The Los Angeles Workers Center and Hollywood Progressive co-present the revolutionary Soviet classic film, V. I. Pudovkin’s Storm Over Asia.
Unlike most Bolshevik silent movies that take place in the European parts of the Soviet Union, V. I. Pudovkin’s 1928 Storm Over Asia is set in Mongolia, where it was shot on location, with additional filming in Siberia. The sprawling saga occurs during the Russian Civil War and depicts a forerunner of Third World liberation movements, as Asians fight Western imperialists. This far-out Far East classic has the epic sweep of future big screen extravaganzas with casts of thousands, and is arguably a Soviet Spartacus or Braveheart.
In Storm Over Asia the Mongolian actor Valeri Inkizhinov portrays a fur trader believed to be a descendant of Genghis Khan. Pudovkin’s larger-than-life motion picture was scripted by noted Soviet avant-garde writer Osip Brik, poet Vladimir Mayakovsky’s friend. Storm depicts puppet governments, an actual “exotic” lamasery, English capitalists, Soviet partisans, British occupation forces, oppressed Mongolian masses and a gigantic battle that epitomizes the Revolution’s sense of not only inevitability, but invincibility. The astonishing, unforgettable special effects-fueled grand finale pitting Third World people against imperialism is guaranteed to blow you away!

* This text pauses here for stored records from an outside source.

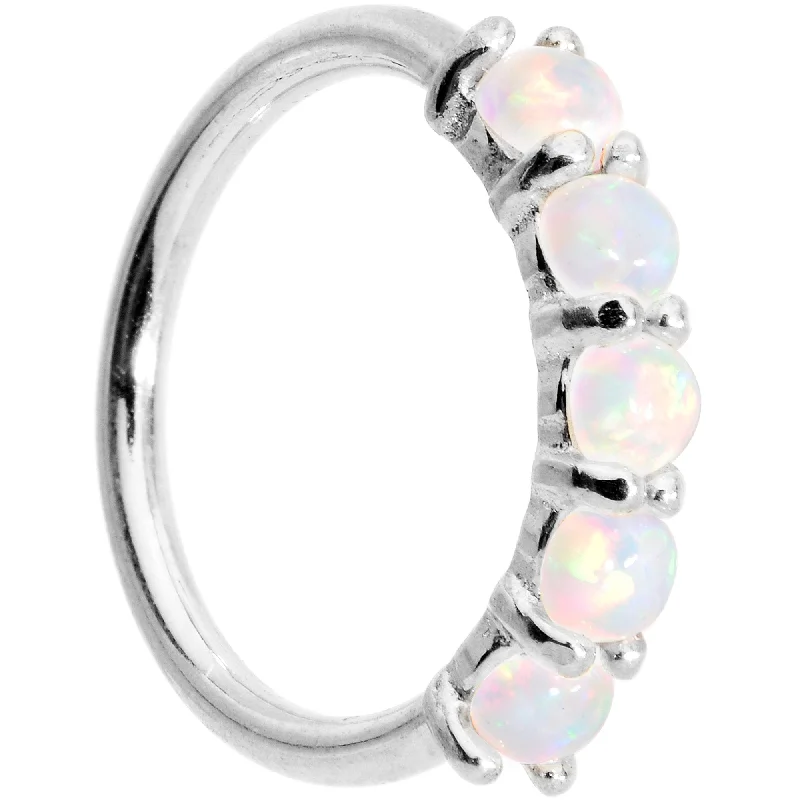 Comfortable Nose Rings with Stylish Touch -18 Gauge White Synthetic Opal 14kt White Gold Seamless Circular Ring Comfortable Nose Rings with Stylish Touch -18 Gauge White Synthetic Opal 14kt White Gold Seamless Circular Ring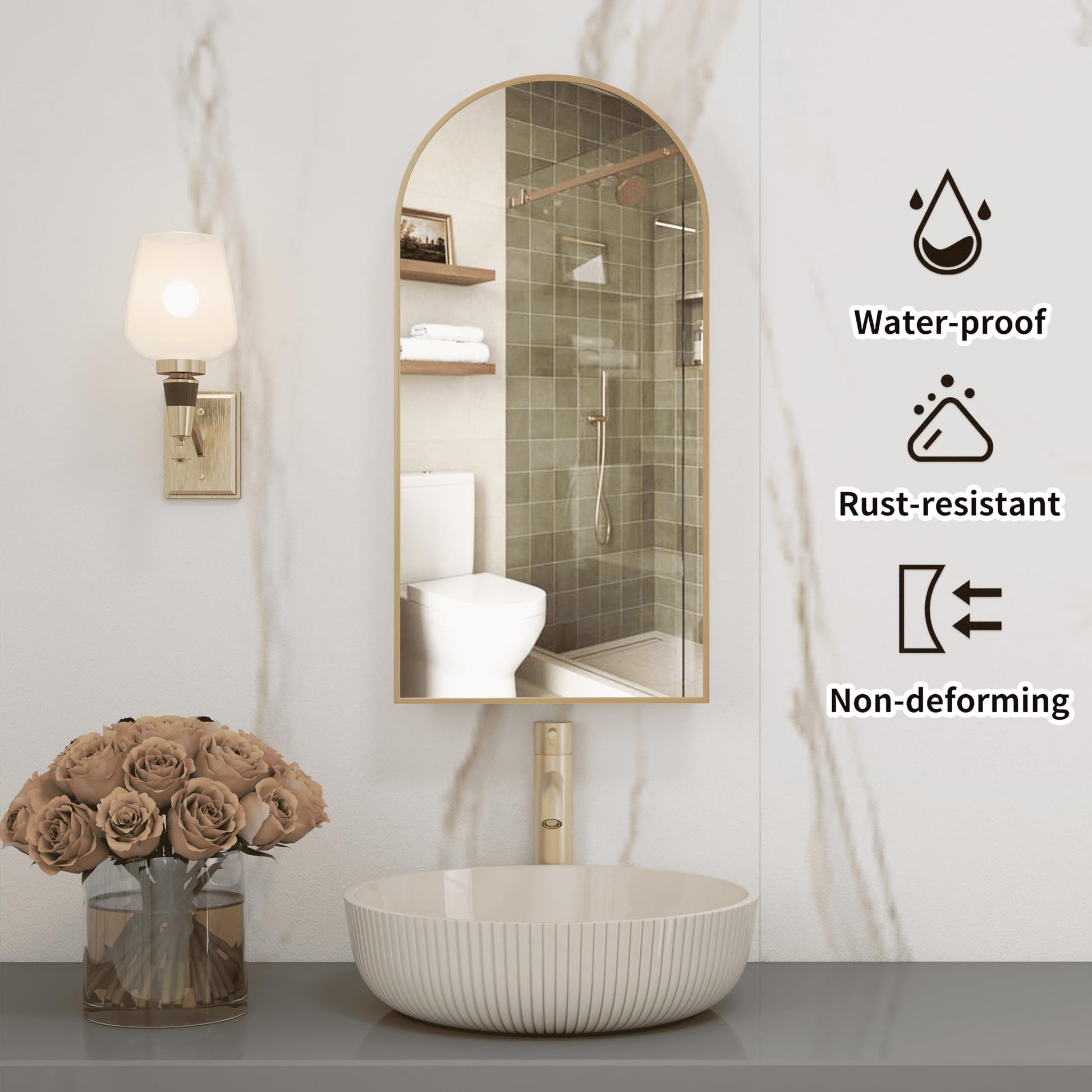 Arched Bathroom Mirror Cabinet | 32x16 inches  Capacity Storage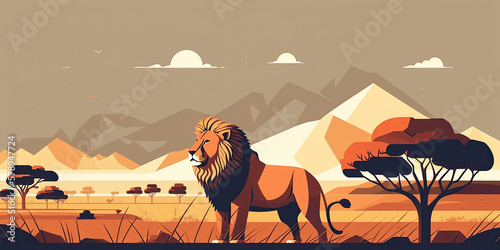 Lion in Savanna - Minimalistic flat design landscape illustration. Image for a wallpaper, background, postcard or poster. Generative AI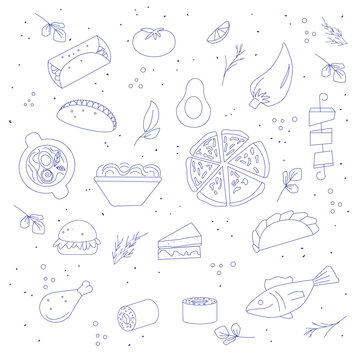 Hand-drawn food illustration set in minimal line style. Collection of meals, snacks, vegetables, seafood and herbs. Simple doodle food icons isolated on white background. Suitable for menu design, pac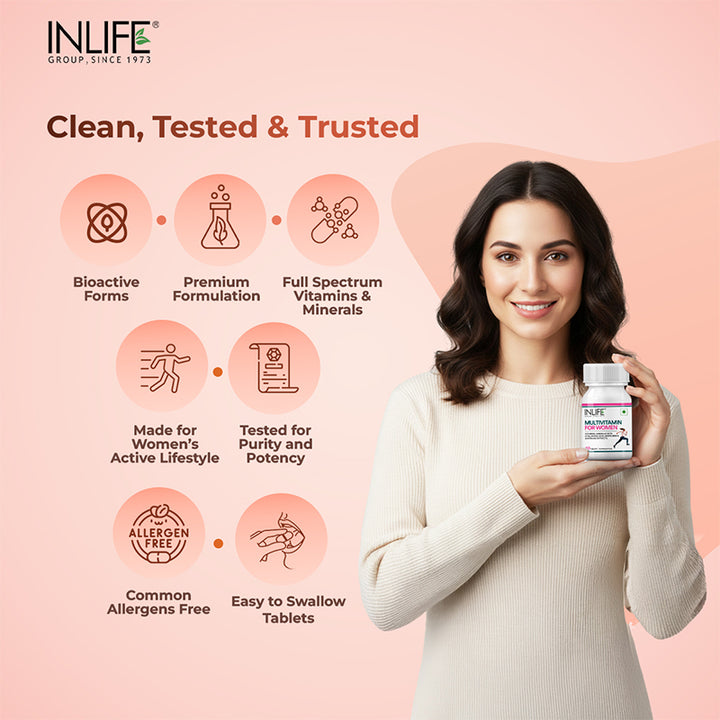 Inlife Multivitamin and Mineral for Women | Shatavari, Hyaluronic Acid, Grape Seed Extract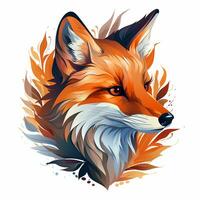 Vektor Art Illustration von ein Fuchs ai generiert foto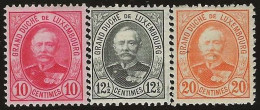 Luxembourg  .  Y&T .   59/61    .   *    .    Neuf Avec Gommec - 1891 Adolphe De Face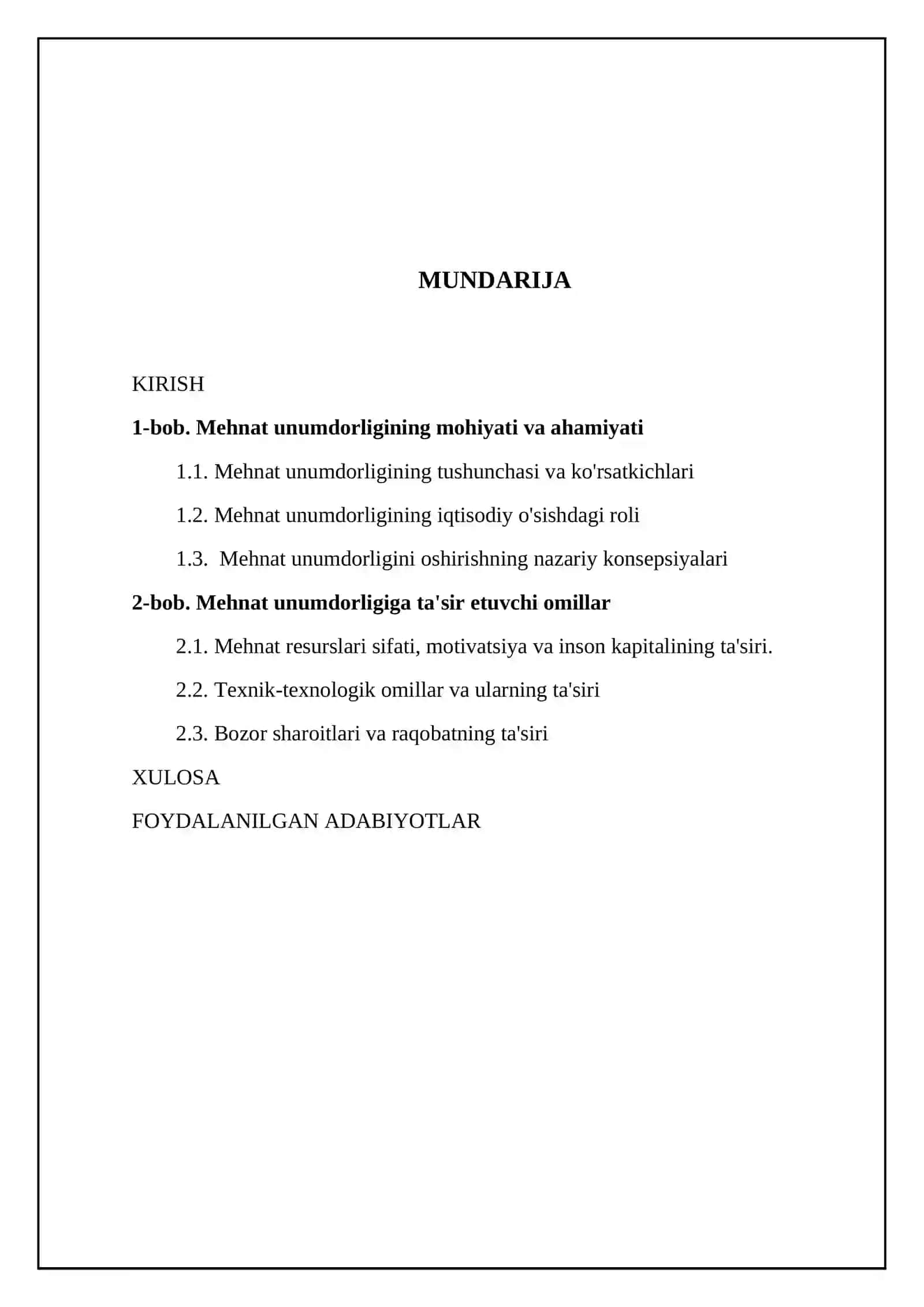 Mehnat unumdorligi va uning hajmiga ta’sir qiluvchi omillar 2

However later history might unfold, one of the undeniable and irreversible achievements of the Revolution was to usher the traditional tribal societies of Asia that had been part of the Russian Empire into the modern world.
This screening of Storm Over Asia is the sixth in a monthly film series, Ten Films That Shook the World: A Cinematic Centennial Celebration of the Russian Revolution, running through November 2017 to commemorate and celebrate the 100th anniversary of the February and October 1917 Revolutions in Russia, and 1905’s mass uprisings. All 10 films screened during these 10 months are Soviet cinema classics, among the greatest political films ever made. See the entire schedule at: http://hollywoodprogressive.com/russian-revolution/.
Before each screening at the L.A. Workers Center a speaker briefly introduces each film and filmmaker. After the movie the speaker will make additional remarks, followed by a Q&A. Light refreshments are served. These black and white, silent films, with English subtitles and musical soundtracks, are screened under imperfect conditions, although this is a chance to see them projected on a big screen. Admission is free, although donations and potluck contributions are accepted.
Screenings start at 7:30 pm on the fourth Friday of each month through October: The final film showing will be on Nov. 7th, the actual centennial date. Film historian/critic Ed Rampell, author of Progressive Hollywood, A People’s Film History of the United States and a frequent contributor to People’s World, is the series’ programmer/co-presenter. For further info: laworkersedsoc@gmail.com.
Storm Over Asia screens on Fri., July 28 at 7:30 pm at the L.A. Workers Center, 1251 S. St. Andrews Place, Los Angeles 90019. The site is a couple of blocks west of Western Ave., and is only accessible from Pico Blvd.